- **What is needed**: Write out, with no changes, every line starting at the one that contains "2-in-1 Dewalt Battery" and ending at the last line of the data below. Leave pictures out.
Start of Material supplied
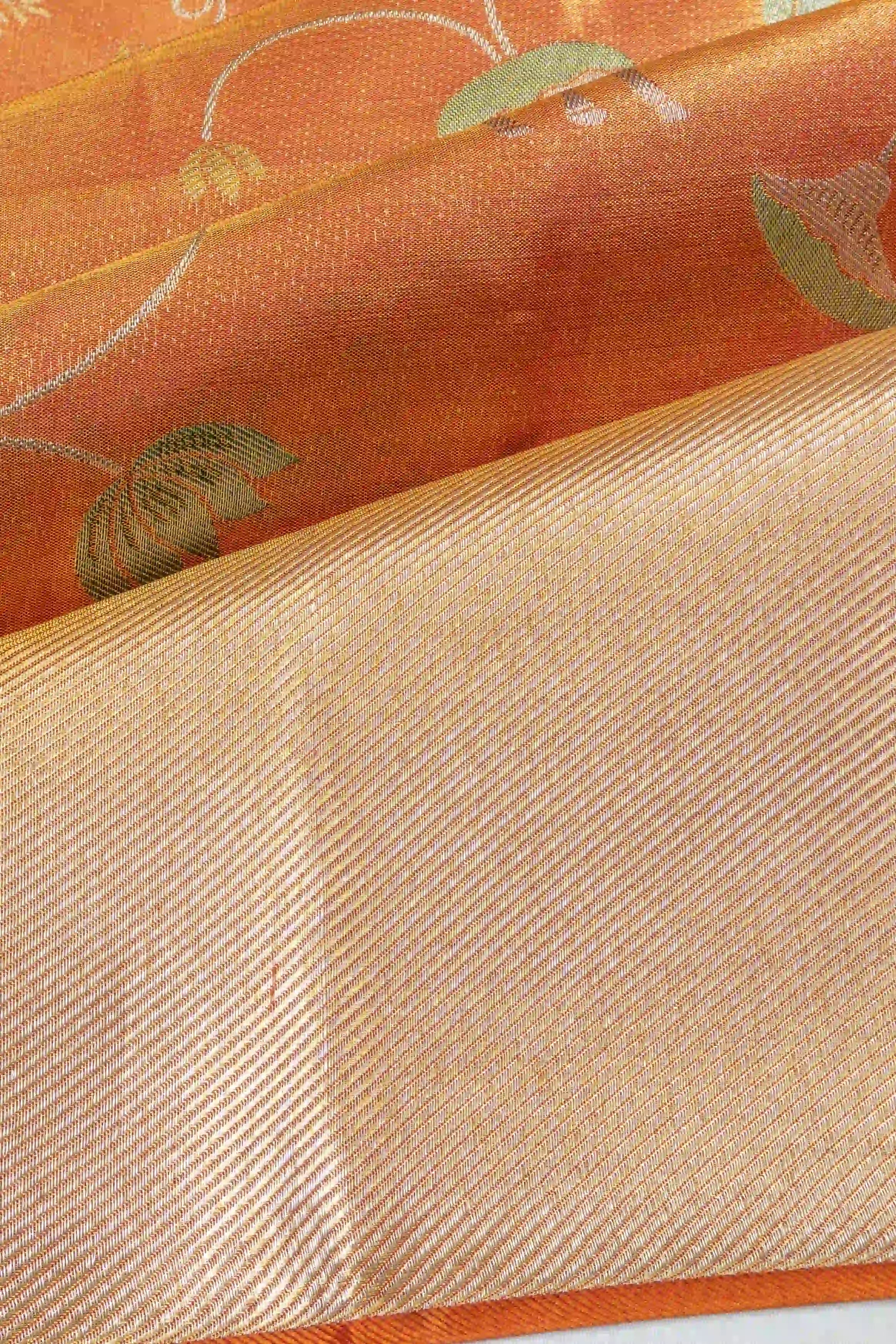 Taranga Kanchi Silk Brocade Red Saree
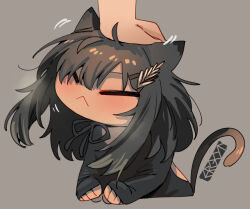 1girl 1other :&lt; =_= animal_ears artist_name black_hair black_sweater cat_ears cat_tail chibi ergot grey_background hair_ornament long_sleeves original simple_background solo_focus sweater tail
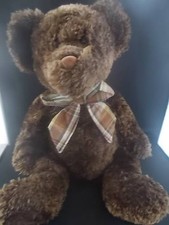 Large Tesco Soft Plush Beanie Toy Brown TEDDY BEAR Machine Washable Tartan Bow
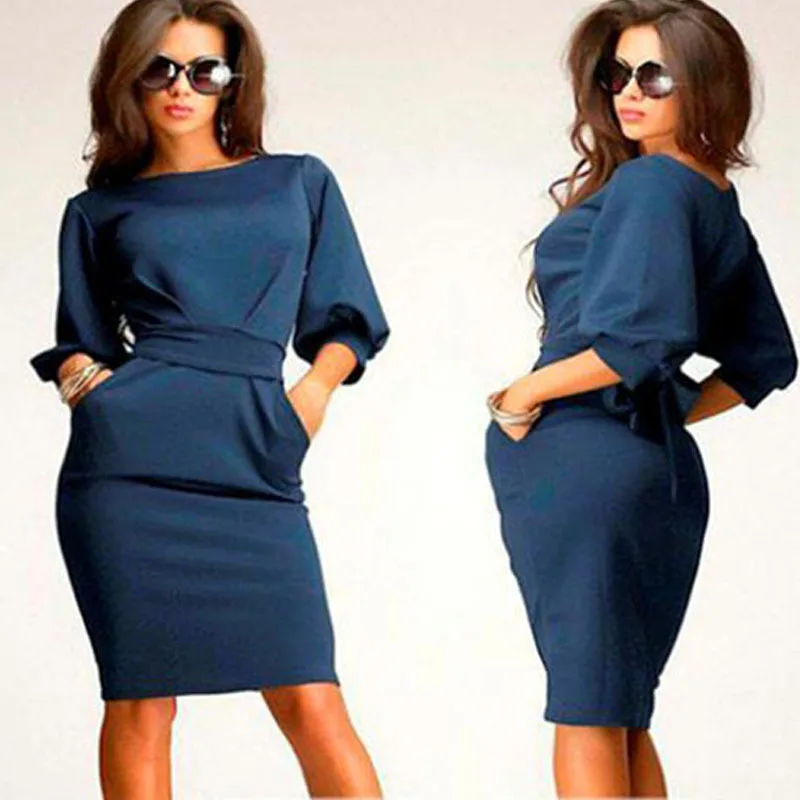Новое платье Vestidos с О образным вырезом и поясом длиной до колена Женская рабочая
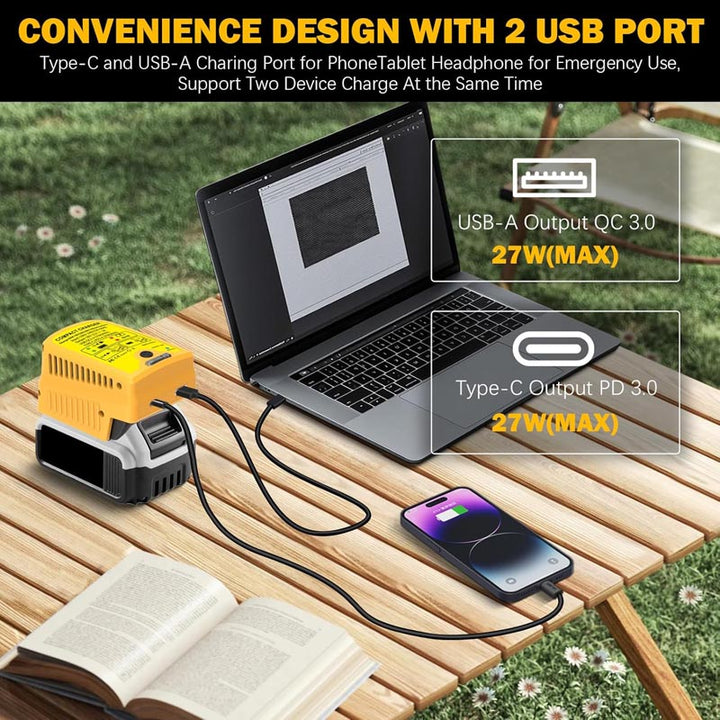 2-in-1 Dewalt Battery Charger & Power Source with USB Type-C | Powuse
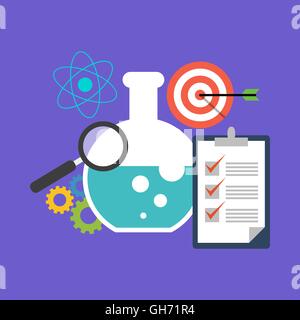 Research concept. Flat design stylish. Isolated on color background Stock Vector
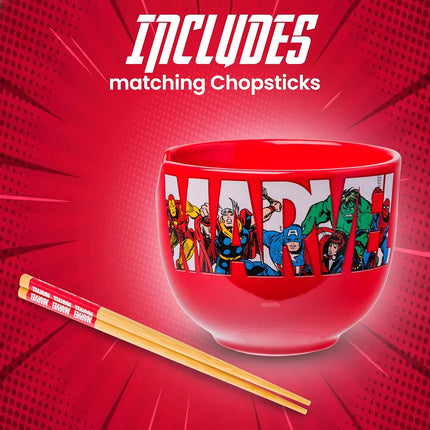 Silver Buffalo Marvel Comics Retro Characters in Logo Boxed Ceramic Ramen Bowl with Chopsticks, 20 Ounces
End of Material supplied
- **Expected answer**:
 2-in-1 Dewalt Battery Charger & Power Source with USB Type-C | Powuse
 Research concept. Flat design stylish. Isolated on color background Stock Vector
 Silver Buffalo Marvel Comics Retro Characters in Logo Boxed Ceramic Ramen Bowl with Chopsticks, 20 Ounces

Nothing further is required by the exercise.